→ **Goal of the exercise**:
Gather up every line from the entries below that uses the word "will".

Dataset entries
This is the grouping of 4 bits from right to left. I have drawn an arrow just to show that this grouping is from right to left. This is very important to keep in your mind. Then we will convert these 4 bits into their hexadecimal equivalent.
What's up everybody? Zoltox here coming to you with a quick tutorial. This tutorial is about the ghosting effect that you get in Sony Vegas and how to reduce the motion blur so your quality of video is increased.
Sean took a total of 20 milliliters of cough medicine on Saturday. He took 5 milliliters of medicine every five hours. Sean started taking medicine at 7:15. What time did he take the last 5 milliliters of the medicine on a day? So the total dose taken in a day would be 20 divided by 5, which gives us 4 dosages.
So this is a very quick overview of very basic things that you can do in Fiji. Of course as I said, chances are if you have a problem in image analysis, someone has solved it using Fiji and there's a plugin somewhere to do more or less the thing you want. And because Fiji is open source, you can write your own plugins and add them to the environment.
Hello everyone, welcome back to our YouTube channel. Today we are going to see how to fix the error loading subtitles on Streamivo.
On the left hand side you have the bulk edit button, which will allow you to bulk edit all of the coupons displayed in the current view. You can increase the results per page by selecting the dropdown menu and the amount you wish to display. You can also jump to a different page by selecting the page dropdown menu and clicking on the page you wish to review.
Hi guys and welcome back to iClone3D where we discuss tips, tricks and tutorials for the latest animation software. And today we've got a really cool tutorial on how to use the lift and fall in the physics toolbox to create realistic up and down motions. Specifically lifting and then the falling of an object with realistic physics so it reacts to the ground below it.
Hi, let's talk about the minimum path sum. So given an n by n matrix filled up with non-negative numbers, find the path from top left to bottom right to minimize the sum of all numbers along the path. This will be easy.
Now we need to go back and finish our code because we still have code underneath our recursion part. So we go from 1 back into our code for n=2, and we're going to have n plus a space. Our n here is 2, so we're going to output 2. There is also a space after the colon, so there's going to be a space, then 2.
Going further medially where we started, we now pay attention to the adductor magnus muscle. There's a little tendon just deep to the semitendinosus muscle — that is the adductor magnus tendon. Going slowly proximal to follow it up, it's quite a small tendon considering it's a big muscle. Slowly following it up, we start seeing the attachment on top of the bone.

→ **Written reply**:
This is the grouping of 4 bits from right to left. I have drawn an arrow just to show that this grouping is from right to left. This is very important to keep in your mind. Then we will convert these 4 bits into their hexadecimal equivalent.
On the left hand side you have the bulk edit button, which will allow you to bulk edit all of the coupons displayed in the current view. You can increase the results per page by selecting the dropdown menu and the amount you wish to display. You can also jump to a different page by selecting the page dropdown menu and clicking on the page you wish to review.
Hi, let's talk about the minimum path sum. So given an n by n matrix filled up with non-negative numbers, find the path from top left to bottom right to minimize the sum of all numbers along the path. This will be easy.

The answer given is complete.